While workers' compensation insurance can help employers provide their employees these benefits, the sad fact is that many employers -- in a misguided attempt to improve their bottom line -- do not pay for this insurance. As a result, thousands of injured workers and their families are left reeling from the financial impact that their injuries might give them.
There are many reasons why some employers do not buy workers' compensation insurance for their employees. Sometimes companies that are struggling in this economy can't afford the insurance premiums. Other times, they forget to file for the premiums after the premium expires. However, unfortunately one of the most common reasons why there is a lack of insurance is because companies want to lower their overhead in order to be more competitive, so they end up putting their employees at risk.
This gamble can have perilous consequences. In one of the most dangerous fields of work, construction, often companies will risk not carrying workers' compensation insurance. In this industry, accidents can be altogether too common and many times injured workers and their families are unsure of their next steps when there is no financial benefit available to them.

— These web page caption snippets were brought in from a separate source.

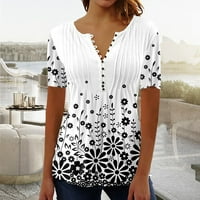 Xihbxyly plus majica za žene za žene, žensko ljeto plus veličina casual gradijentna boja vrhunska majica s V-izrezom TOP pamučna posteljina košulja povremena košulja kratkih rukava # 1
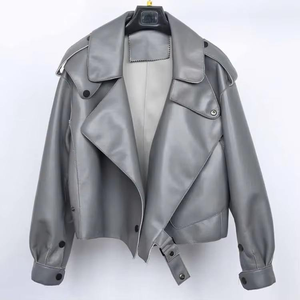 Chaqueta de cuero de gama alta para mujer Piel de oveja genuina Classic Moto Appeal con cuello alto y elegante corte ajustado a medida - Product Image 4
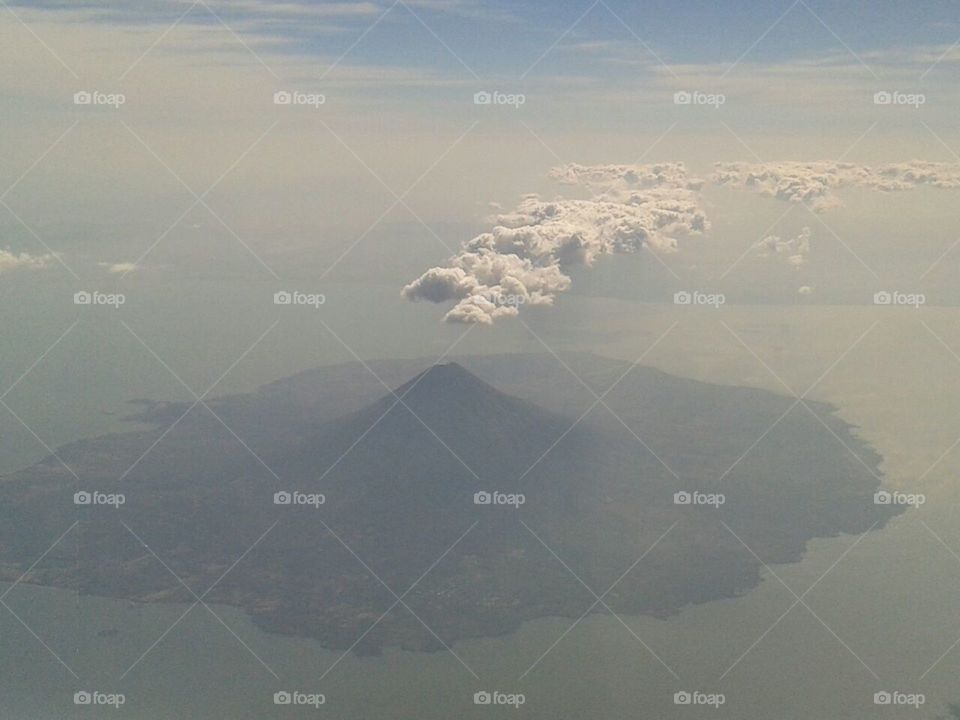 volcano island in Nicaragua aerial view from the plane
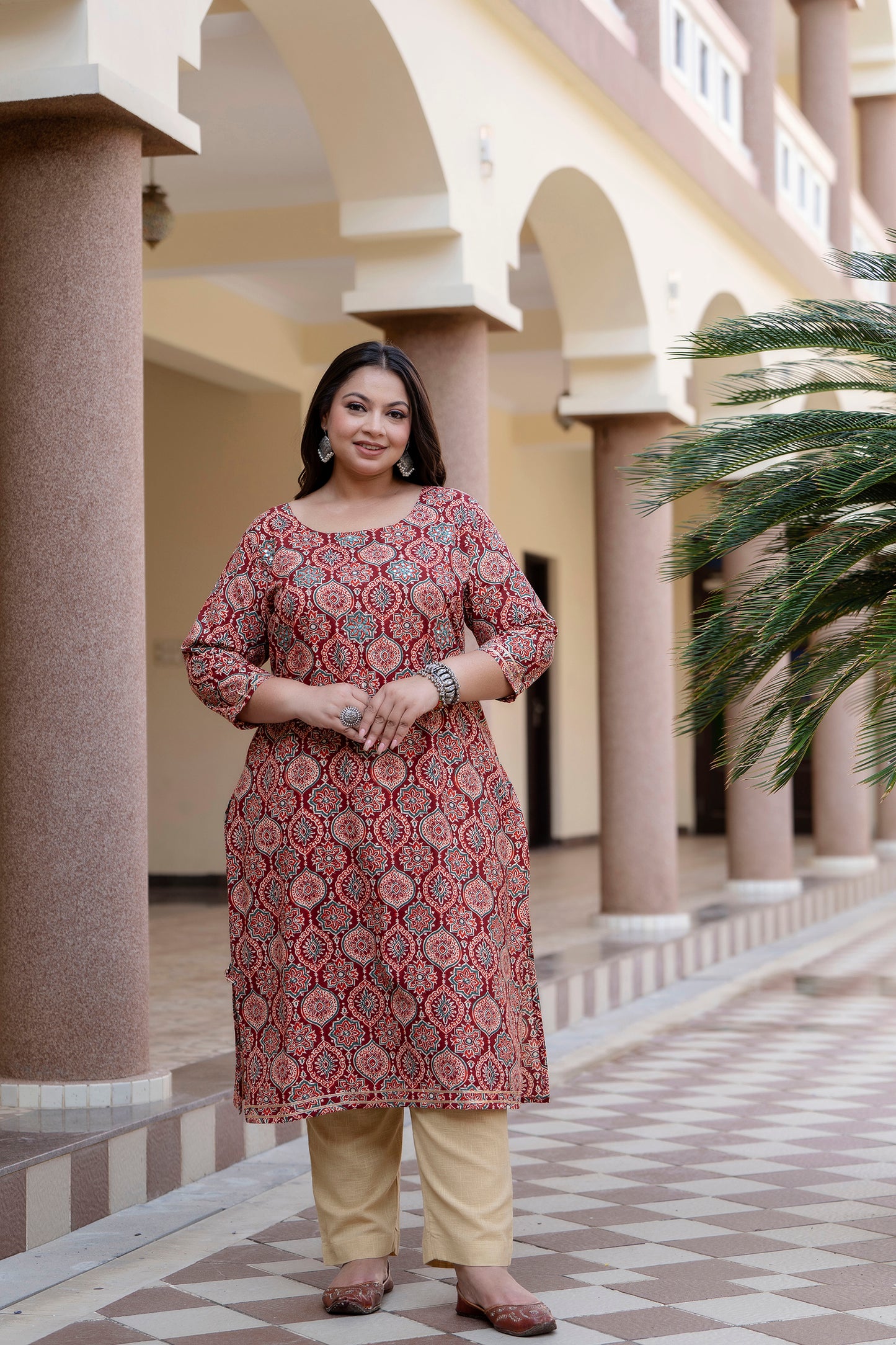 Maroon Pure Cotton Straight Kurti
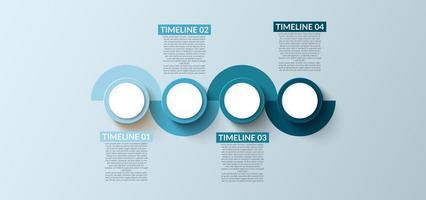 infografía de negocios. vector de diseño de infografías de línea de tiempo. plantilla de opciones de infografía abstracta. ilustración vectorial concepto de negocio con 4 opciones, pasos o procesos.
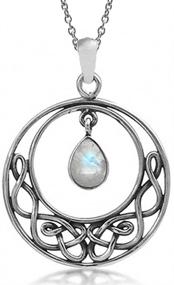 img 4 attached to 925 Sterling Silver Celtic Knot Drop Dangle Pendant with Silvershake Natural Moonstone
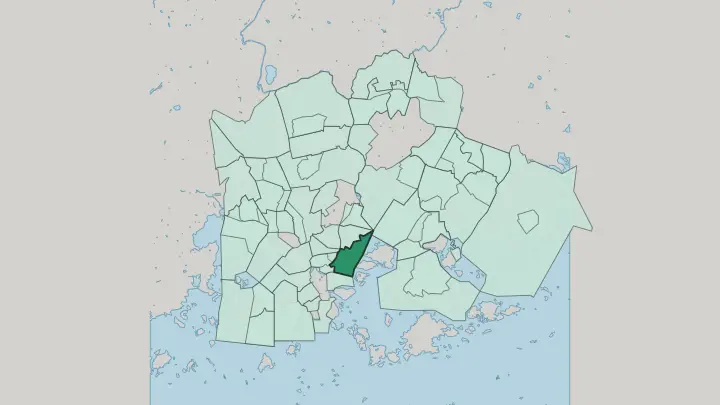 Map of Sörnäinen in Helsinki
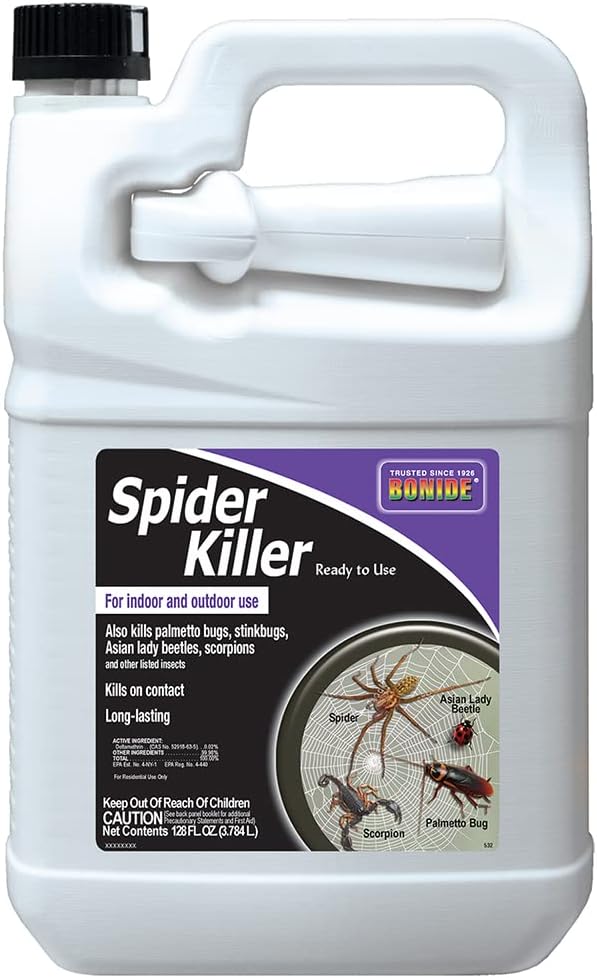 Bonide Spider Killer, 128 oz Ready-to-Use Spray for Indoors & Outdoors, Long Lasting Formula Kills on Contact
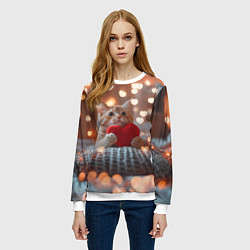 Свитшот женский Котик с сердечком на фоне боке, цвет: 3D-белый — фото 2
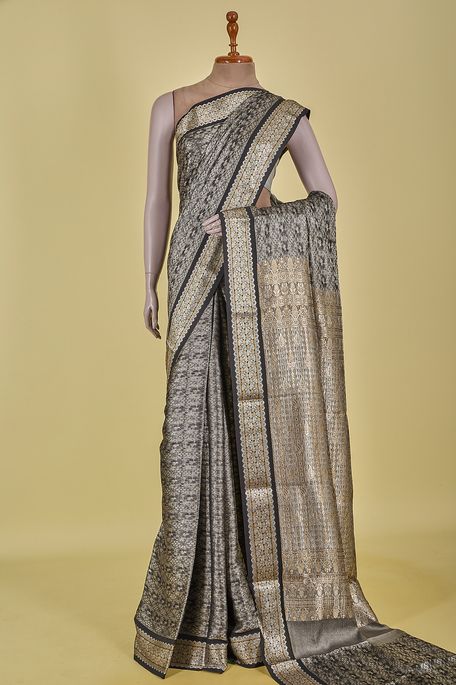 Mysore crepe tissue black saree with blouse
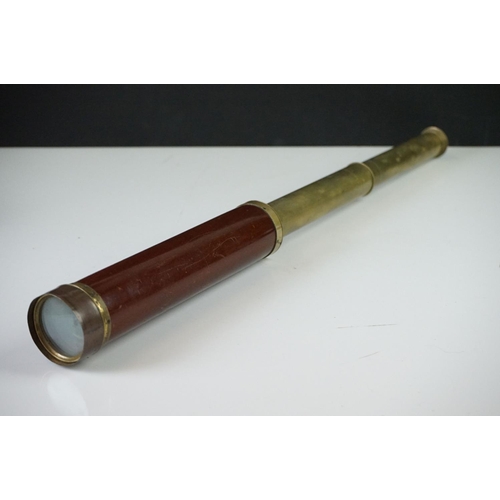 149 - 19th century Dolland of London Three Drawer Brass and Mahogany Telescope in Leather Case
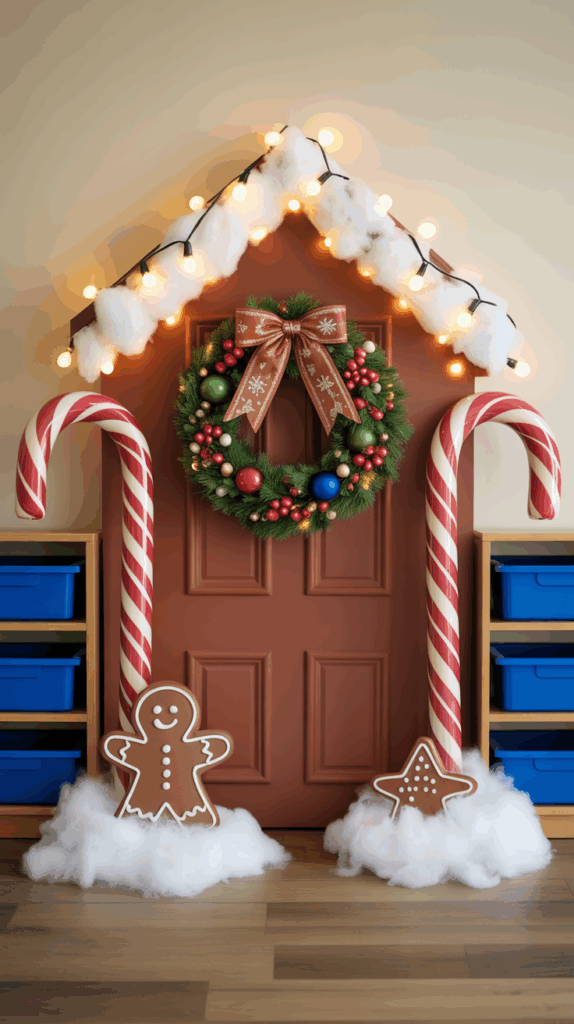 A festive door decorated as a gingerbread house with a wreath adorned with baubles and a bow, flanked by large candy cane props. Two storage shelves with blue bins are on either side, and there are cotton snow piles with gingerbread cookie cutouts at the base. String lights with cotton "snow" are draped above, completing the holiday theme.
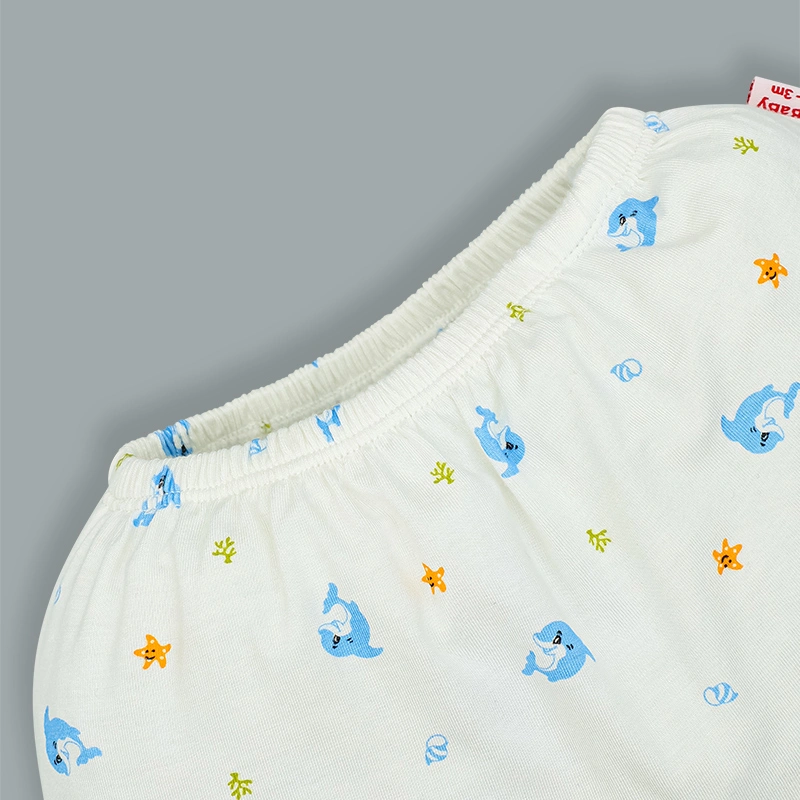 Quần ngắn in cá heo IQ Baby màu trắng 2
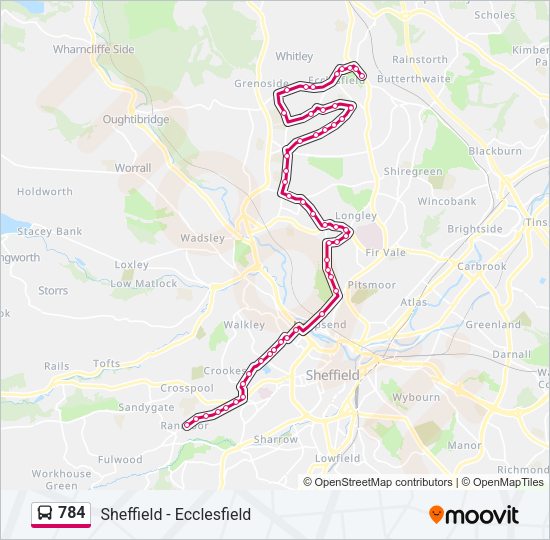 784 Bus Line Map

By law, Illinois employers are required to pay workers' compensation costs when circumstances warrant payment, regardless of whether they have an insurance policy. Though many companies choose not to grant the payments, they risk the possibility of criminal penalties or paying heavy fines, in addition to the compensation owed to injured workers. For this reason, it is recommended that all employers make sure that they make a sincere effort to take care of their employees. In doing so, they might help an injured worker and their family, while avoiding serious penalties for breaking the law.